Legia Warszawa w 1/8 finału Ligi Konferencji Europy wyeliminowała Molde, więc w nagrodę zmierzy się w ćwierćfinale z Chelsea. Takie mecz dla polskich kibiców to święto. I już można być pewnym ogromnego zainteresowania w Warszawie, co pokazał komunikat Legii.
“Naszym głównym celem jest docenienie tych, którzy wspierają nas cały czas. Ludzi, bez których awans do tego etapu europejskich rozgrywek byłby niemożliwy. Dołożymy wszelkich starań, aby 10 kwietnia stadion przy ulicy Łazienkowskiej wypełnili kibice Legii Warszawa, którzy przychodzą na mecze Legii Warszawa. To właśnie tym kierujemy się, pracując nad zasadami sprzedaży biletów” – poinformowała Legia. Nieco inaczej wygląda sytuacja w Londynie.
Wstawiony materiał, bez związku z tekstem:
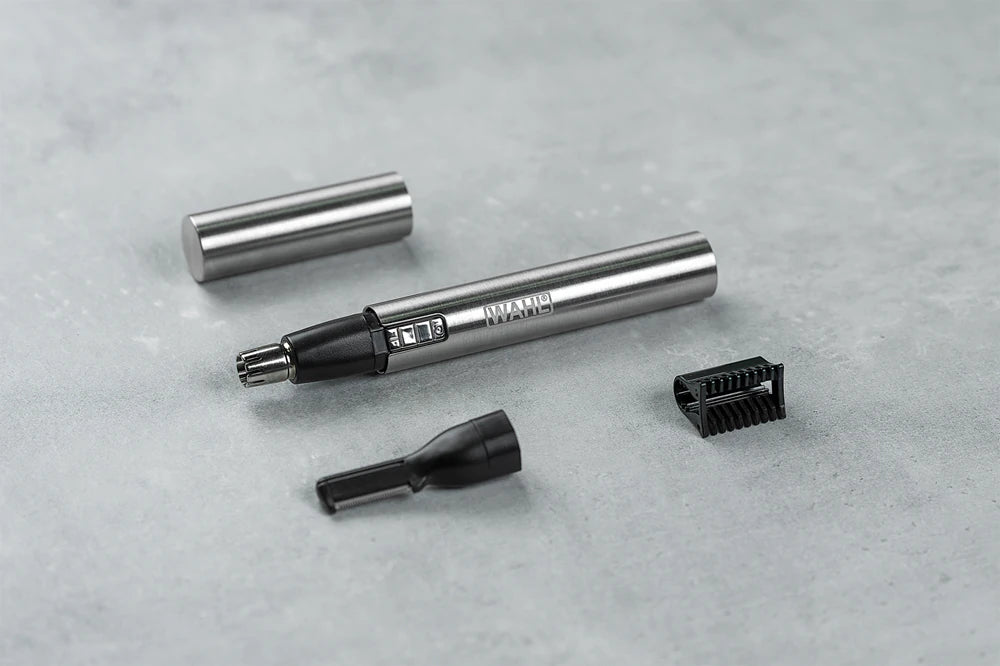 Wahl Micro Lithium Nariz e Ouvidos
Choć mecz z Chelsea dopiero 17 kwietnia, to z reguły biletów na ćwierćfinał europejskiego pucharu nie powinno być zbyt dużo dostępnych. Tymczasem tydzień po uruchomieniu sprzedaży biletów na Stamford Bridge nadal bez problemu można kupić bilet na niemal każdą trybunę. – Dawno czegoś takiego nie widziałem – komentuje Jędrzej Święcicki, dziennikarz Newonce’a, a prywatnie wielki fan The Blues.
Bilety na starcie Chelsea – Legia zaczynają się od około 300 złotych, a najdroższe mogą nawet kosztować grubo ponad dwa tysiące zł.
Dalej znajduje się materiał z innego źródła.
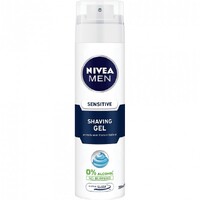 Sensitive Shaving Gel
Legia przystąpi do meczu z nowym dyrektorem sportowym
Lada moment kontrakt z Legią ma podpisać Michał Żewłakow, który ponownie wcieli się w rolę dyrektora sportowego. Były reprezentant Polski występował w stołecznym klubie w latach 2011 – 2013, a w tym czasie zdobył mistrzostwo i dwa krajowe puchary. Następnie pracował w skautingu i właśnie jako dyrektor sportowy, dzięki któremu do klubu trafili m.in. Nemanja Nikolić, Aleksandar Prijović, Kasper Hamalainen czy Vadis Odjidja-Ofoe.